Acknowledging Garbage
Don Mize

(C) 2002, Don Mize

Poverty is feared, even despised, unless one sinks into despair.  Poverty is, of course, a relative term.  One might live on a tropical island, a virtual paradise, and feel blessed until television brings images of a materialistic and exciting lifestyle. Never mind that the lifestyle is sheer fantasy.  Dissatisfaction emerges.

Photography, a hobby of mine, taught me firsthand how a camera can focus on a rose growing among garbage and exclude the garbage.  Television images often exclude the smog, the slums, the alcoholic, the drug addict, and the AIDS victim.

A wren singing joyously to greet the dawn believes in the new day, spirit unbroken.  A broken spirit has no song, no hope in the new dawn.  How sad that so many in this material paradise of America have no song.  Spiritual poverty is the great problem, yet spiritual poverty is ignored.  We focus the camera on the economic blooms and exclude the surrounding garbage.
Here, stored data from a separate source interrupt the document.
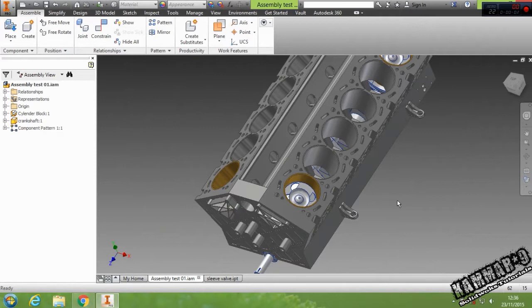Hi, and welcome to a new tutorial to discover Onshape. In this tutorial, I will teach you how you can make a basic assembly with this engine.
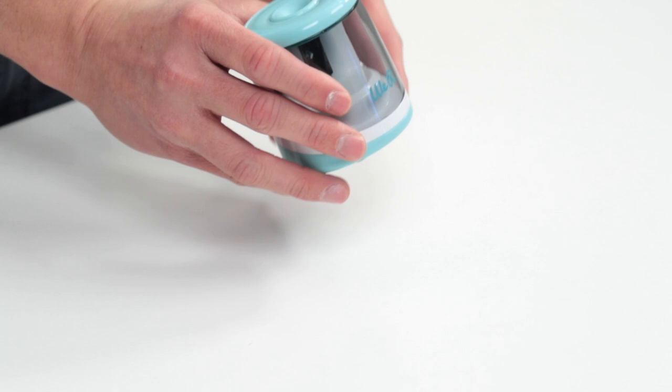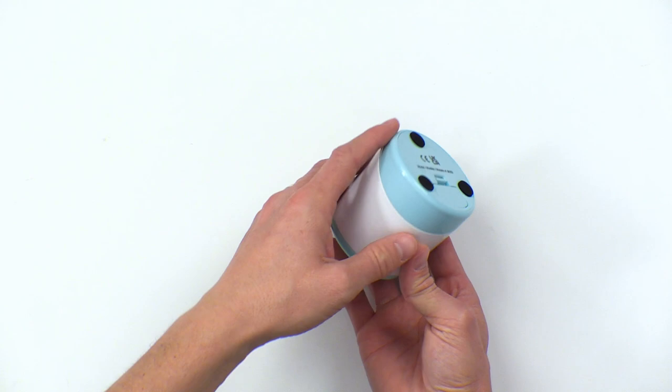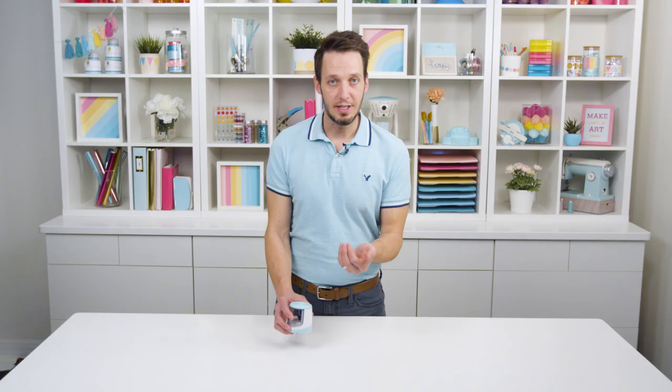So we're offering a really great little electronic pencil sharpener. It's battery operated — you just put your pencil in there, and it's going to give you that really nice sharp point that our crafters are looking for.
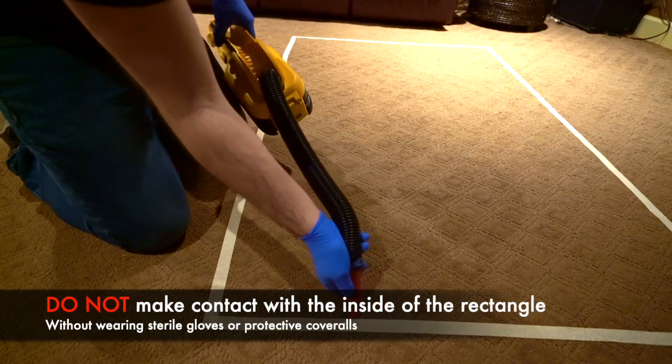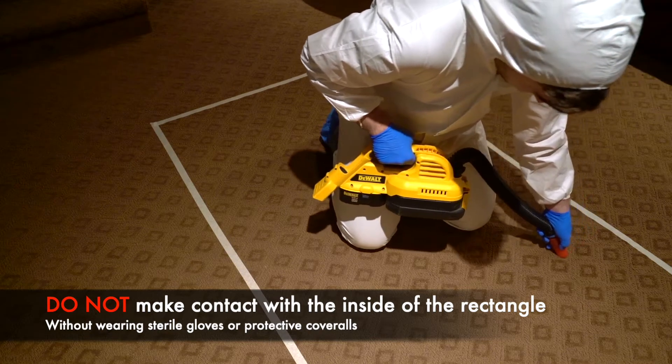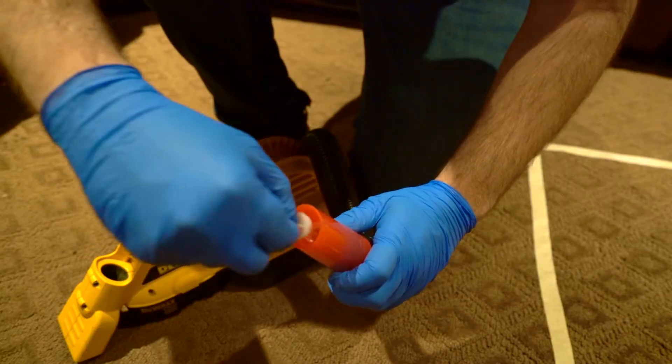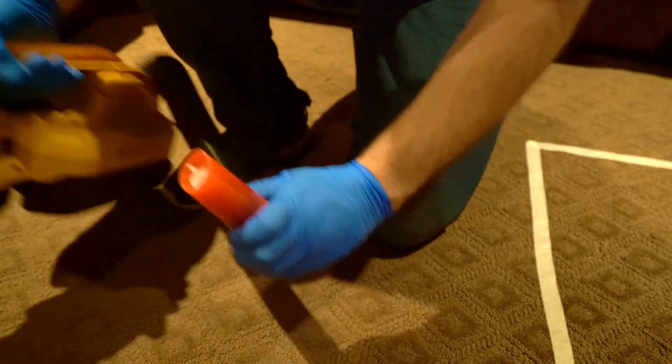Avoid making contact with the inside of the rectangle. If contact must be made, we recommend wearing gloves and or protective coveralls to prevent contamination of the sample. After you finish vacuuming the first area, keep your cassette pointing upwards, reattach your white cap, and move to the second location.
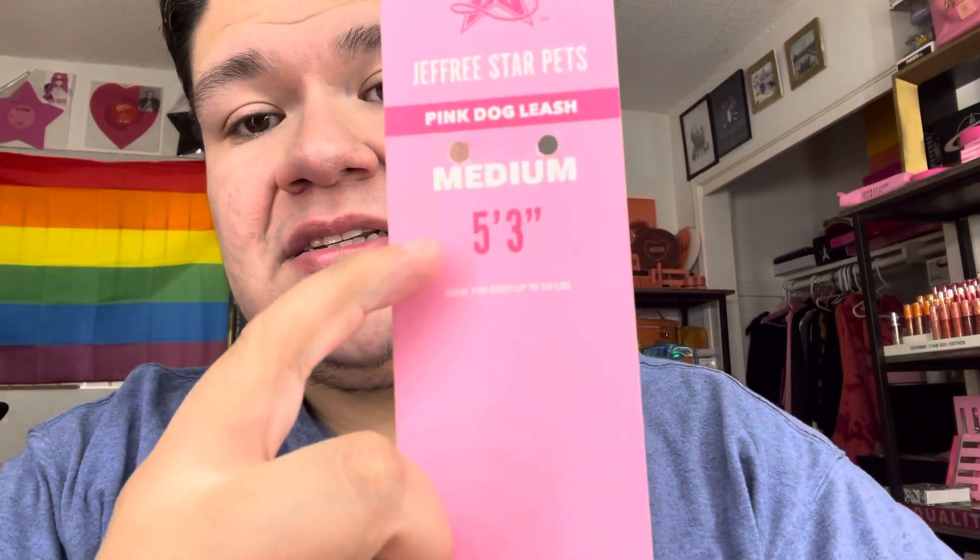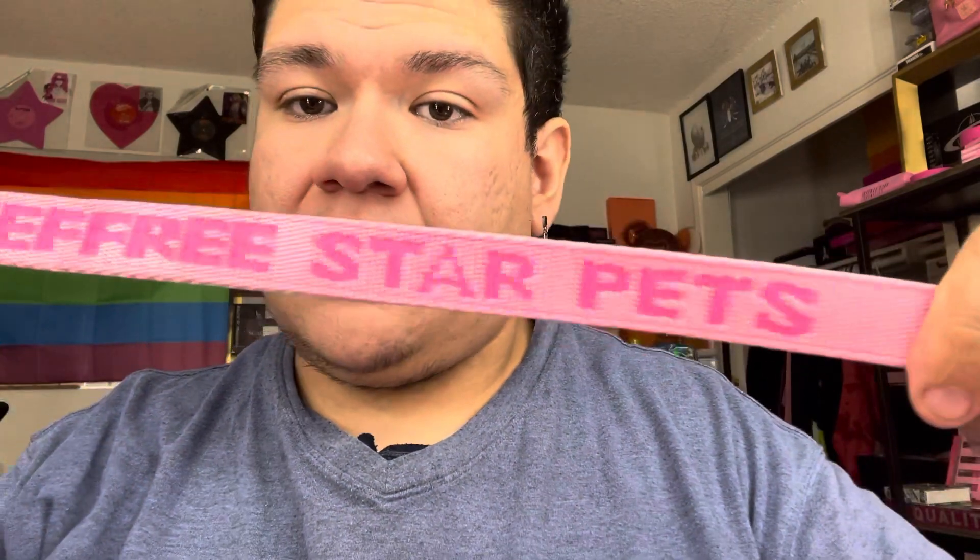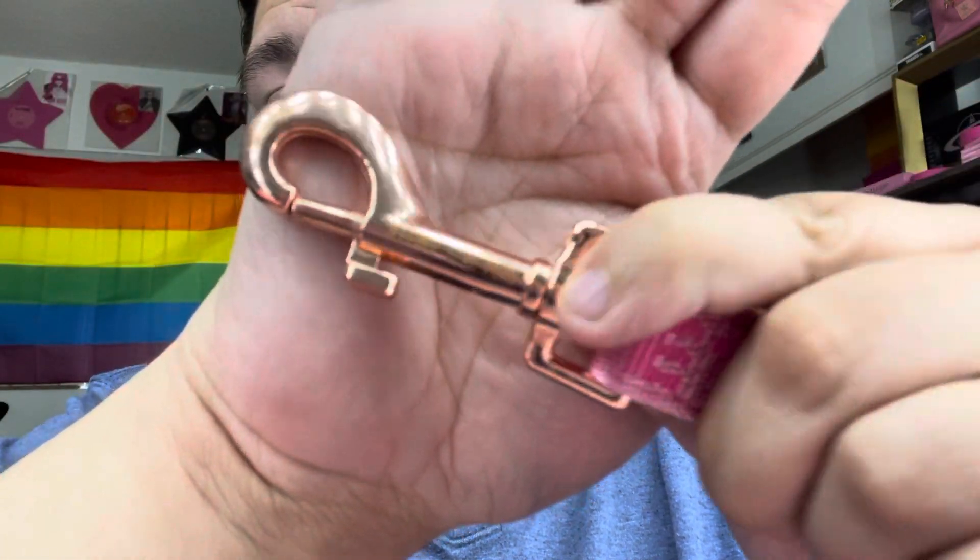So we do have the pink dog leash. This is the medium one. It comes like this — ideal for dogs up to 50 pounds. We have her leash, which is about arm's length — from finger to finger. This is the five-by-three. It has the Jeffree Star Pets logo in rose gold right there. It is quite durable.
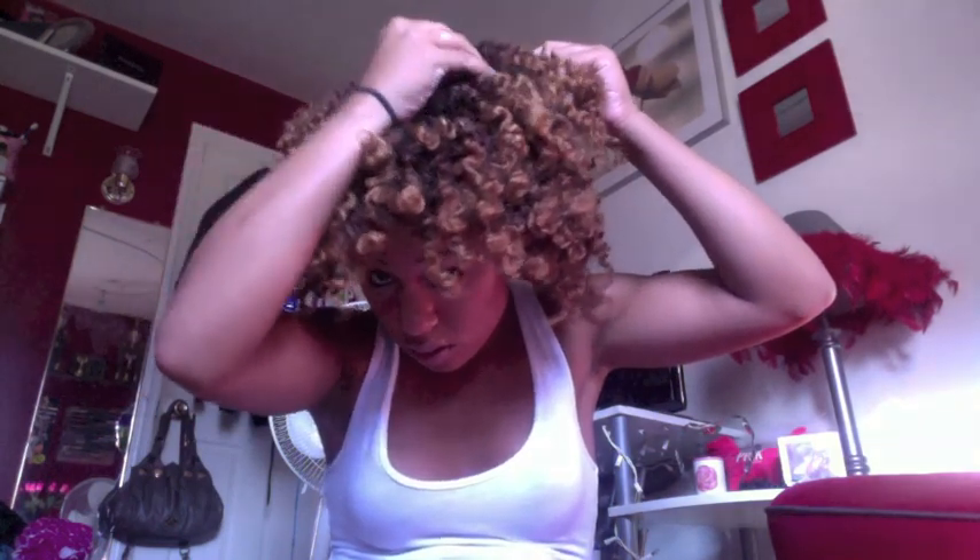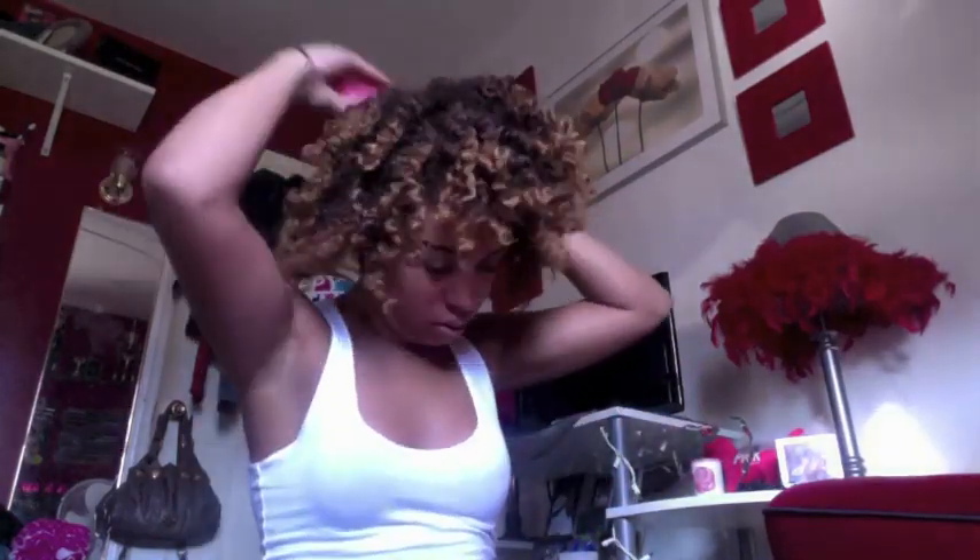You just basically go all around your head to your liking — however big or small you want it. The main idea is to leave the ends alone so you can maintain the curl definition. I usually use picks when I'm doing twist and braid outs because they leave my hair so flat that I like the added volume. When I do a wash and go, my hair gets so huge that it's not necessary to use a pick at all.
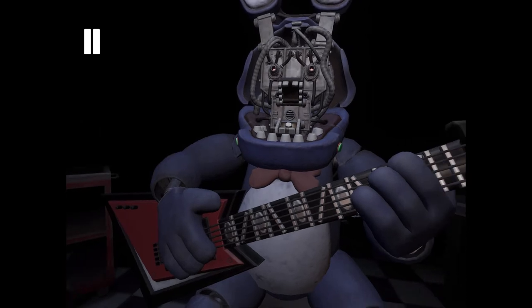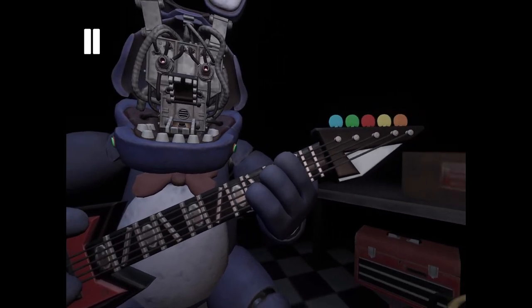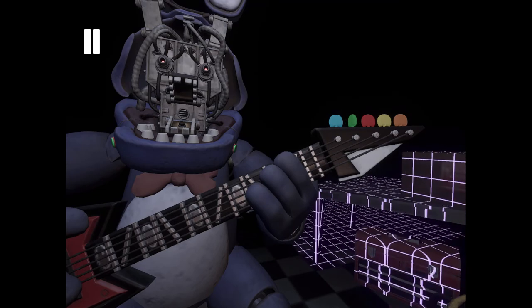You now have access to Bonnie's harmonization module. Press the blinking button inside Bonnie's secondary throat pipe to enter calibration mode. Something is not right — one of those notes is out of tune. You may push the button again to replay the audio check. Press the colored button that corresponds to the incorrect note. Press the blinking button again to verify your work.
Don’t misunderstand me.  I know of an instance where an old man on a tropical island felt he lived in paradise.  His generation never felt poor as they lived a simple life, enjoyed the beauty around them, and planted family plots to supplement the diet of fish and fruit.  His son’s generation, after the advent of television, felt poor.  In America our society is different: money is power.  If you want to purchase food, medical care, and education, someone must pay the bill.  We should not neglect the poor in America, and we should empower them to meet their material needs.  We should also have compassion on those who cannot help themselves.  One cannot pick fruit from an empty tree.  Material poverty can break the spirit as well as the body.  Yet, spiritual poverty is the ultimate poverty.

 Spiritual poverty remains when one is fed and warm and surrounded by plenty.  Spiritual poverty gnaws at us so we dare not stop running.  To be alone, to reflect, to have time to think is the great horror, for in still moments we realize we are empty.  Often a crisis will become the mirror in which Reality stares us down and we finally smell the garbage.  Or a joyous holiday like Christmas may confront us with regrets, with loneliness, and with dead dreams.  If we dare to acknowledge the garbage, we can see our existence in perspective. 

Unless Love enters our hearts, we are doomed to live in spiritual garbage.  The writer of Ecclesiastes in the Bible summarized all his accomplishments with the recurring phrase, “Vanity of vanities! All is vanity.”  At Christmas we celebrate Love coming in Jesus, revealing to us the heart of God.  Jesus was born in a stable to a peasant couple rather than in a palace replete with luxury.  He taught that only by acknowledging our spiritual poverty will we allow Love to enter and rule our hearts (Matthew 5:3).  Only then will the crushed soul heal.